Корейское правительство всячески поощряет эту тенденцию, культивируя имидж страны и продвигая нацию через эмоциональное выражение хын (heung). Например, сайт Комитета Зимних Олимпийских игр в Пхенчхане 2018 года приводит свою версию значения хын (heung) и так характеризует национальную душу корейцев в разделе, названном «Дружелюбные корейцы»:

Уникальная культура Кореи еще не получила широкой известности за границей.
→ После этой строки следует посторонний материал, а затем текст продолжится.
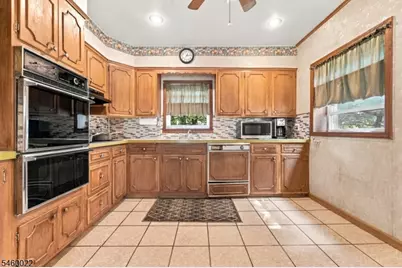 15 Candy Ct, Edison, NJ 08817 - Photo 7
Корейская культура отмечена не только динамикой и усердием, что можно часто наблюдать в различных деловых и промышленных секторах, но также дружелюбием и страстью, которые рождают стремление корейцев к разнообразию. Корейская душа переполнена «heung», который ценит дружбу и страсть к жизни[54].

Дружба и страсть в этом случае являются частью коллективного опыта, составляющего ядро хын (heung): это торжество открытости сообщества, оптимизм, вовлеченность и живая импровизация.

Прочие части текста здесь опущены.